Posted: July 10, 2014 in Armor Testing, Spall, Spall Guards

As many of my readers know by now, steel plates offer tremendous advantages (low cost, extreme durability/multiple hits, thin profile), but do suffer from issues with front-face spall (fragmentation caused by defeated rounds) and weight. Most solutions that attempt to address this issue exacerbate the weight, and negate the advantage of a thin profile.

D-Rmor Gear spall guards address the issue while remaining lightweight and keeping the thin steel plate profile, while stopping 95-98% of all front face spall. The newest version exhibits improved extreme angle spall capture, as shown by the test below.

The plate used was the excellent Maingun Surplus Patriot plate, in flat profile. The plate was placed at a 12 degree angle (to focus the splash pattern more strongly toward the upper edge where the neck/throat would be). This is closer to a worst-case scenario shot, since the residual velocity of the spall is higher.

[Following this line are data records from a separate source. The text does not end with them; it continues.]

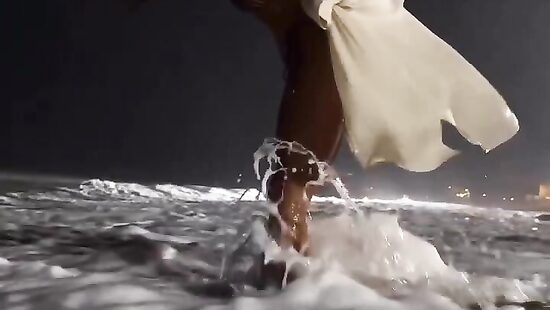 На таких батутах и в море не утонуть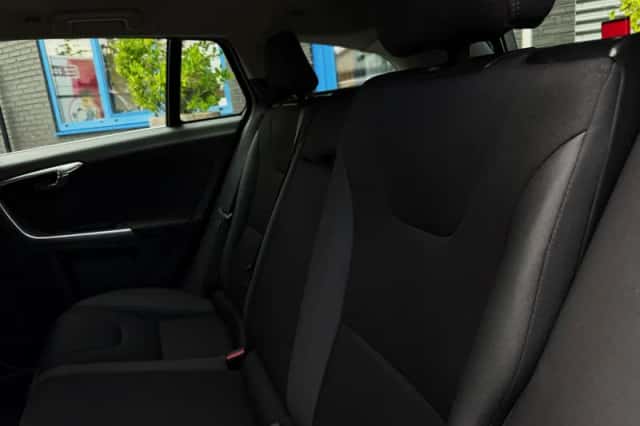 Volvo V60 (2014) thumbnail 23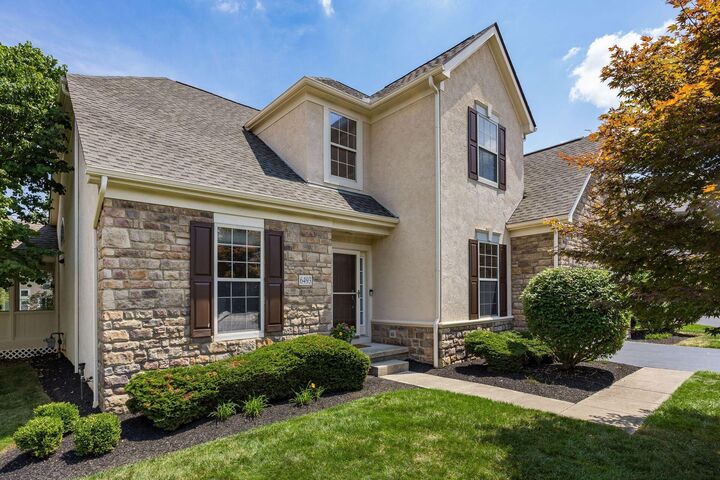Property Photo: 6493 Bromfield Drive OH 43082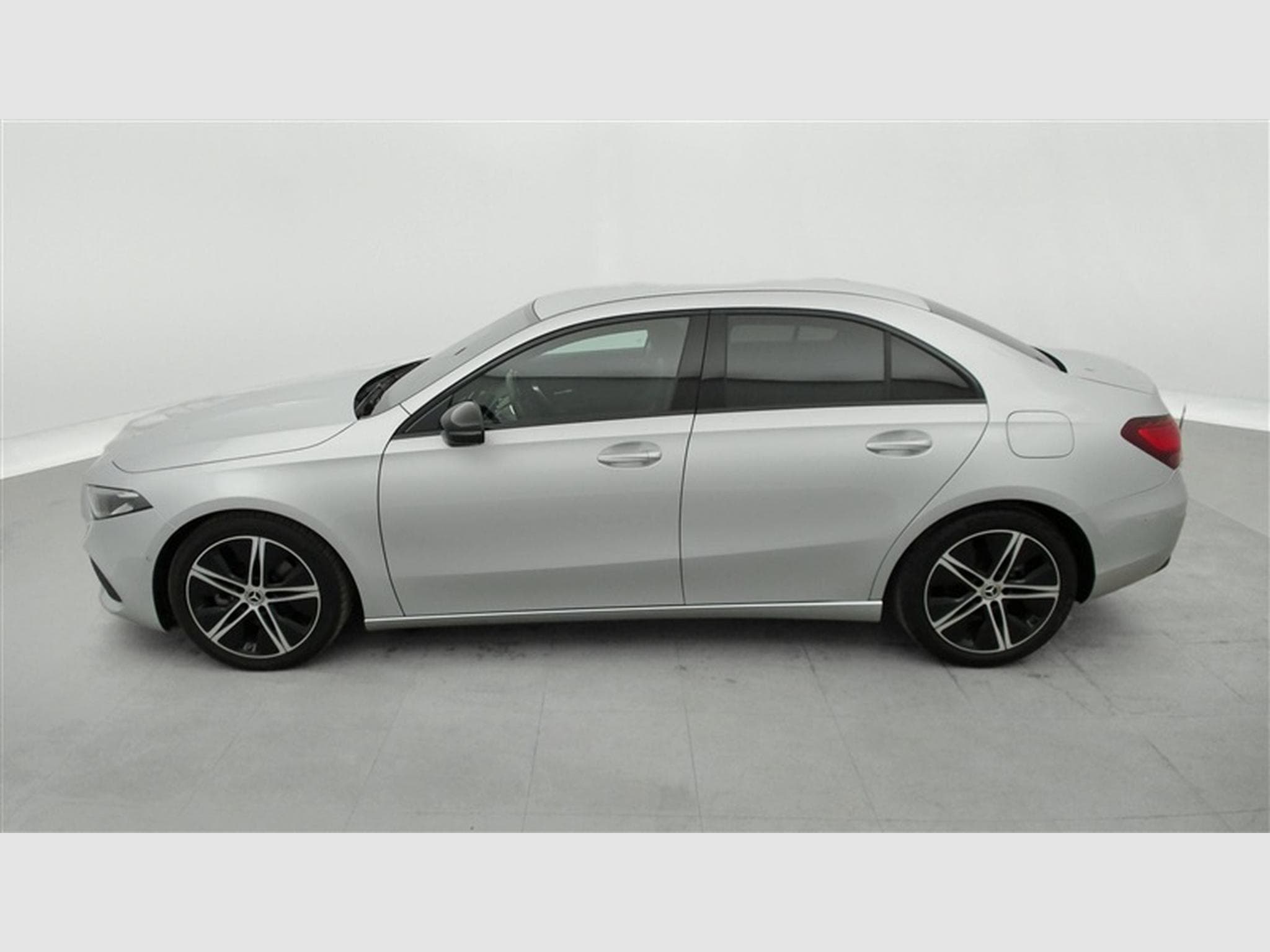Mercedes A 180 A 180 d Luxury LINE CUIR/NAVI/FULL LED/JA/PDC AV AR (2023) - Photo 3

The test rounds were M855, 20″ barrel, 3000 fps @ 10 FEET. The witness method was a cardboard box. The shoot consisted of two shots, the first with the D-Rmor Gear Version 4.2.3 spall guard installed, the second with the bare plate. The pictures below show the witness box after the first and second shots for direct comparison purposes.

Spall guard and plate mounted in witness material.

Spall guard and plate mounted in witness material.

Seconds after the strike.

Seconds after the first round impact.

Immediately after shot.

Immediately after first shot.

Right side of spall guard after shoot.

Right side of spall guard after first shot.

Top edge of spall guard after shoot.

Top edge of spall guard after first shot.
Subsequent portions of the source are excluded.